• _TASK DETAILS_
Produce a word-for-word copy of the listing below without its pictures.

Start of THE DATA

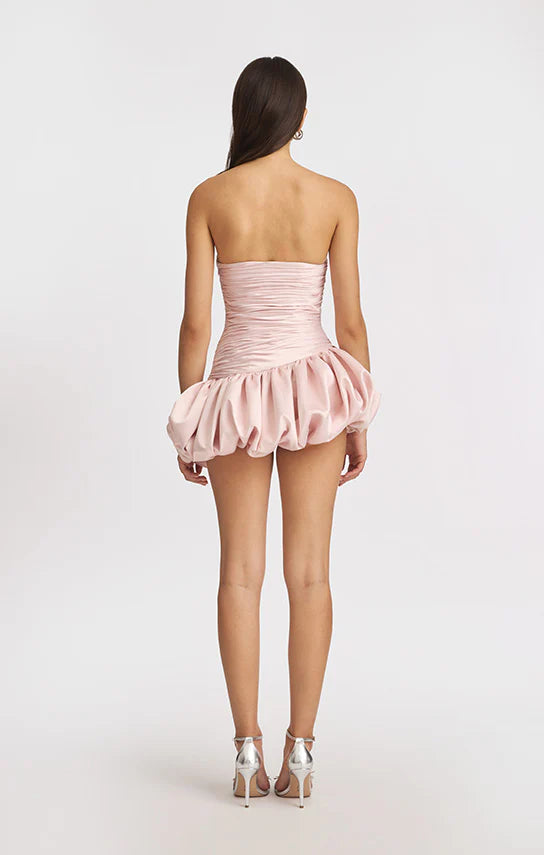 Balloon Draped Mini Dress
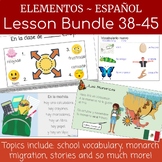 Spanish for Elementary (school, monarch, stories, games, v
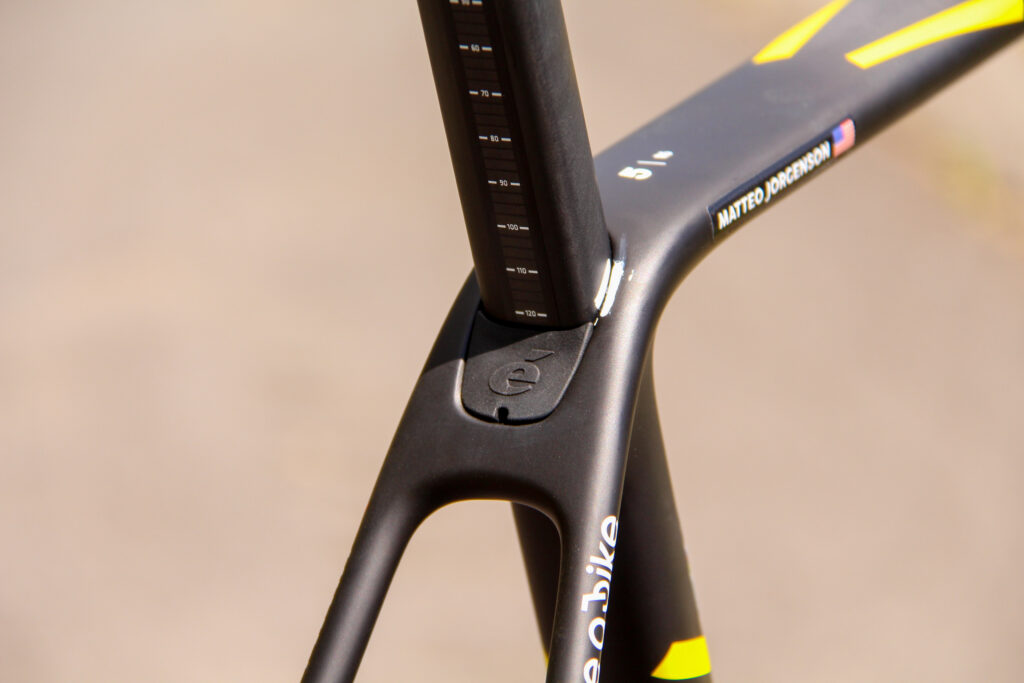 Matteo Jorgensen’s Cervelo R5 – Seatpost clamp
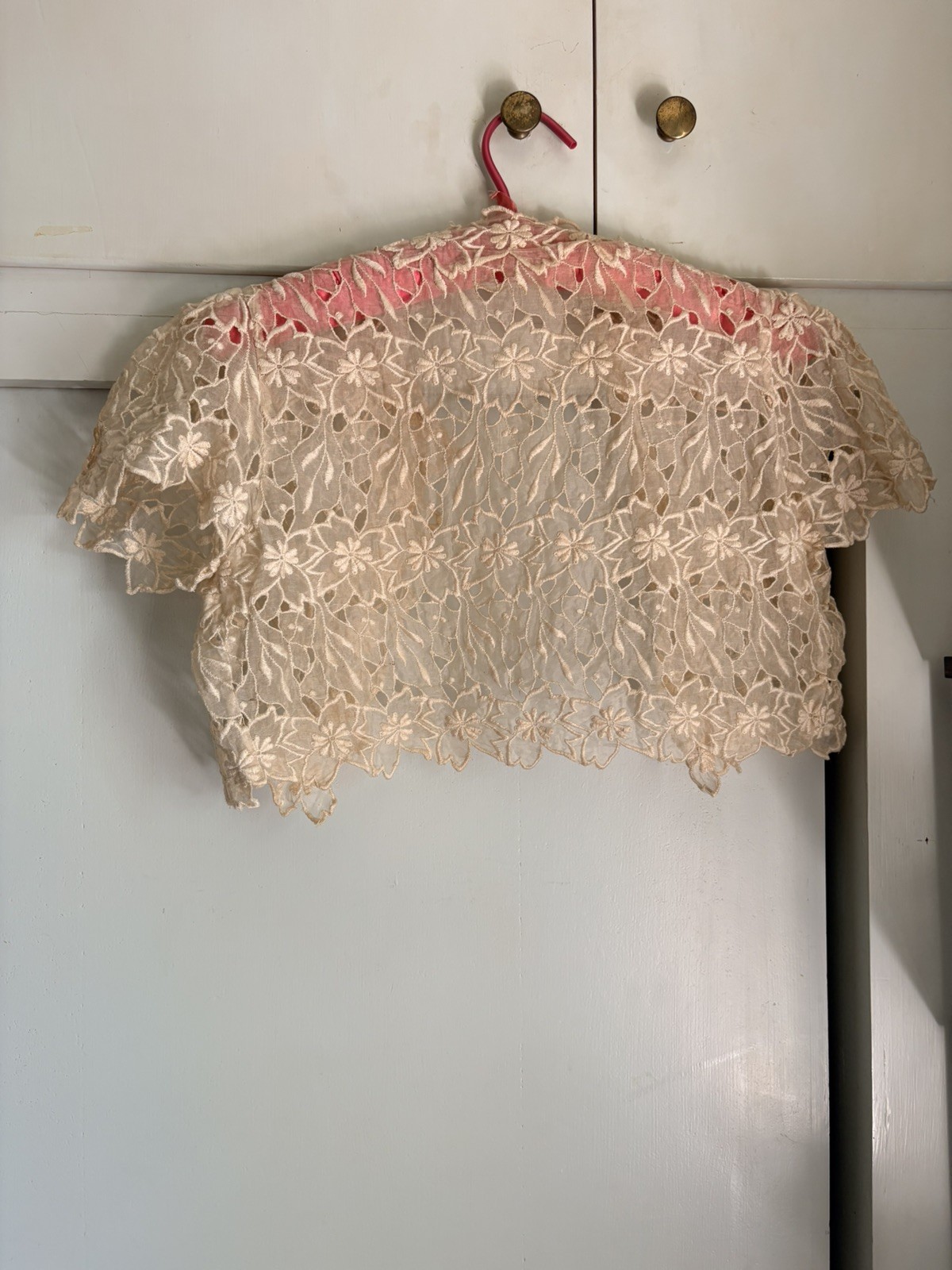 1930s 40’s Vintage Lace Cropped Bolero Jacket Size Small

End of THE DATA

• _RESULT BELOW_
 Balloon Draped Mini Dress
 Spanish for Elementary (school, monarch, stories, games, v
 Matteo Jorgensen’s Cervelo R5 – Seatpost clamp
 1930s 40’s Vintage Lace Cropped Bolero Jacket Size Small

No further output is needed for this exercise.